Task statement -
Copy the records that follow exactly, leaving nothing out.

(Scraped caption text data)

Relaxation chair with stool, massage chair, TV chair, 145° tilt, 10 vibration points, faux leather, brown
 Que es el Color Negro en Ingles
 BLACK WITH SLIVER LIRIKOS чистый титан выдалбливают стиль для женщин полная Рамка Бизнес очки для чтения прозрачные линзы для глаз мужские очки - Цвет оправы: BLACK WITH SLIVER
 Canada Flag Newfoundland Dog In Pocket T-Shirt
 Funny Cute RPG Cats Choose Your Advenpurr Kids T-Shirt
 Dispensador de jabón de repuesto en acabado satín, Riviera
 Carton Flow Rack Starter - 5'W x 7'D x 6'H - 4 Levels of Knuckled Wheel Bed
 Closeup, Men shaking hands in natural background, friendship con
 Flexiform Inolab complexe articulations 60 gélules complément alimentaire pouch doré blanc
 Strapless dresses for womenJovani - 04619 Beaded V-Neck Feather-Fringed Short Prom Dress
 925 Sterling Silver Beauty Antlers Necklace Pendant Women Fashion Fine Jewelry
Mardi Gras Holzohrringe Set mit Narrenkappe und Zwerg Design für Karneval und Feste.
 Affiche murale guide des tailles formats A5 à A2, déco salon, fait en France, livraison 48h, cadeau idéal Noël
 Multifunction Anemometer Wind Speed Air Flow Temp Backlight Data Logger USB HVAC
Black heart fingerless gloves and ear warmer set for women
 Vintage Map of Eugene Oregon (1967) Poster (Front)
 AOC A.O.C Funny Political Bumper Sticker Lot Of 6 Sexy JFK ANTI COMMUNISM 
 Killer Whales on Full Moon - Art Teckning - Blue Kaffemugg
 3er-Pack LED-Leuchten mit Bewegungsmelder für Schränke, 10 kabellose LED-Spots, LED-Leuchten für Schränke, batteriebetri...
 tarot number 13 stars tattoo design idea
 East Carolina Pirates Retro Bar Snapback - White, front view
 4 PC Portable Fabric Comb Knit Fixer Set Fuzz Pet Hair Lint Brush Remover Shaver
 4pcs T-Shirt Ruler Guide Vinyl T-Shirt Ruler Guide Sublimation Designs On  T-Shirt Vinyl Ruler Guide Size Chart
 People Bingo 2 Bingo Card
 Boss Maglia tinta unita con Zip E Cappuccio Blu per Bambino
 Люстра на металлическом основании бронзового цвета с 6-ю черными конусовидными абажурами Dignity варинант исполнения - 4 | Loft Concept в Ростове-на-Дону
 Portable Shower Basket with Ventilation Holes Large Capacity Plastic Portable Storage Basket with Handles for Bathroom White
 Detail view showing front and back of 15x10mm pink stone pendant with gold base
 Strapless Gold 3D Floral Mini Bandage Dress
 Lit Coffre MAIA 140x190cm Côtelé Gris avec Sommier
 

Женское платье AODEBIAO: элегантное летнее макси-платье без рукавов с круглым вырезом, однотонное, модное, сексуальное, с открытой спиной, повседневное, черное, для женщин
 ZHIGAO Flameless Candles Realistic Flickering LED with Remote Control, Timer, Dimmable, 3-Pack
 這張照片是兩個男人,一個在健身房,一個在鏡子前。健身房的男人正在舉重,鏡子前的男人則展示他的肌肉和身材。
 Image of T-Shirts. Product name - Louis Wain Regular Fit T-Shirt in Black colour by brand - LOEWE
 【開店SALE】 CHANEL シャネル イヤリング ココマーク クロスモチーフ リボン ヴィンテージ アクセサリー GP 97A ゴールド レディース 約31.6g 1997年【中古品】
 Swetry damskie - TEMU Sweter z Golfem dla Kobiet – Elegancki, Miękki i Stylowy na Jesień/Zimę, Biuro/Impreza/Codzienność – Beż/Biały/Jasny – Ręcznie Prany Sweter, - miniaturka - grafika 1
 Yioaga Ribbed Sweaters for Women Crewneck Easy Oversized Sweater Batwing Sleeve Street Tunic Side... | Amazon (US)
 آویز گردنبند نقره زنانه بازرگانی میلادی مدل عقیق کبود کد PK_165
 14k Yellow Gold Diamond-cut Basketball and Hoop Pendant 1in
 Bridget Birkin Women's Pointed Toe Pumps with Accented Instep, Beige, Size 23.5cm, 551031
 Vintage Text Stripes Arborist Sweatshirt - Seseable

Completed task -
Relaxation chair with stool, massage chair, TV chair, 145° tilt, 10 vibration points, faux leather, brown
 Que es el Color Negro en Ingles
 BLACK WITH SLIVER LIRIKOS чистый титан выдалбливают стиль для женщин полная Рамка Бизнес очки для чтения прозрачные линзы для глаз мужские очки - Цвет оправы: BLACK WITH SLIVER
 Canada Flag Newfoundland Dog In Pocket T-Shirt
 Funny Cute RPG Cats Choose Your Advenpurr Kids T-Shirt
 Dispensador de jabón de repuesto en acabado satín, Riviera
 Carton Flow Rack Starter - 5'W x 7'D x 6'H - 4 Levels of Knuckled Wheel Bed
 Closeup, Men shaking hands in natural background, friendship con
 Flexiform Inolab complexe articulations 60 gélules complément alimentaire pouch doré blanc
 Strapless dresses for womenJovani - 04619 Beaded V-Neck Feather-Fringed Short Prom Dress
 925 Sterling Silver Beauty Antlers Necklace Pendant Women Fashion Fine Jewelry
Mardi Gras Holzohrringe Set mit Narrenkappe und Zwerg Design für Karneval und Feste.
 Affiche murale guide des tailles formats A5 à A2, déco salon, fait en France, livraison 48h, cadeau idéal Noël
 Multifunction Anemometer Wind Speed Air Flow Temp Backlight Data Logger USB HVAC
Black heart fingerless gloves and ear warmer set for women
 Vintage Map of Eugene Oregon (1967) Poster (Front)
 AOC A.O.C Funny Political Bumper Sticker Lot Of 6 Sexy JFK ANTI COMMUNISM 
 Killer Whales on Full Moon - Art Teckning - Blue Kaffemugg
 3er-Pack LED-Leuchten mit Bewegungsmelder für Schränke, 10 kabellose LED-Spots, LED-Leuchten für Schränke, batteriebetri...
 tarot number 13 stars tattoo design idea
 East Carolina Pirates Retro Bar Snapback - White, front view
 4 PC Portable Fabric Comb Knit Fixer Set Fuzz Pet Hair Lint Brush Remover Shaver
 4pcs T-Shirt Ruler Guide Vinyl T-Shirt Ruler Guide Sublimation Designs On  T-Shirt Vinyl Ruler Guide Size Chart
 People Bingo 2 Bingo Card
 Boss Maglia tinta unita con Zip E Cappuccio Blu per Bambino
 Люстра на металлическом основании бронзового цвета с 6-ю черными конусовидными абажурами Dignity варинант исполнения - 4 | Loft Concept в Ростове-на-Дону
 Portable Shower Basket with Ventilation Holes Large Capacity Plastic Portable Storage Basket with Handles for Bathroom White
 Detail view showing front and back of 15x10mm pink stone pendant with gold base
 Strapless Gold 3D Floral Mini Bandage Dress
 Lit Coffre MAIA 140x190cm Côtelé Gris avec Sommier
 

Женское платье AODEBIAO: элегантное летнее макси-платье без рукавов с круглым вырезом, однотонное, модное, сексуальное, с открытой спиной, повседневное, черное, для женщин
 ZHIGAO Flameless Candles Realistic Flickering LED with Remote Control, Timer, Dimmable, 3-Pack
 這張照片是兩個男人,一個在健身房,一個在鏡子前。健身房的男人正在舉重,鏡子前的男人則展示他的肌肉和身材。
 Image of T-Shirts. Product name - Louis Wain Regular Fit T-Shirt in Black colour by brand - LOEWE
 【開店SALE】 CHANEL シャネル イヤリング ココマーク クロスモチーフ リボン ヴィンテージ アクセサリー GP 97A ゴールド レディース 約31.6g 1997年【中古品】
 Swetry damskie - TEMU Sweter z Golfem dla Kobiet – Elegancki, Miękki i Stylowy na Jesień/Zimę, Biuro/Impreza/Codzienność – Beż/Biały/Jasny – Ręcznie Prany Sweter, - miniaturka - grafika 1
 Yioaga Ribbed Sweaters for Women Crewneck Easy Oversized Sweater Batwing Sleeve Street Tunic Side... | Amazon (US)
 آویز گردنبند نقره زنانه بازرگانی میلادی مدل عقیق کبود کد PK_165
 14k Yellow Gold Diamond-cut Basketball and Hoop Pendant 1in
 Bridget Birkin Women's Pointed Toe Pumps with Accented Instep, Beige, Size 23.5cm, 551031
 Vintage Text Stripes Arborist Sweatshirt - Seseable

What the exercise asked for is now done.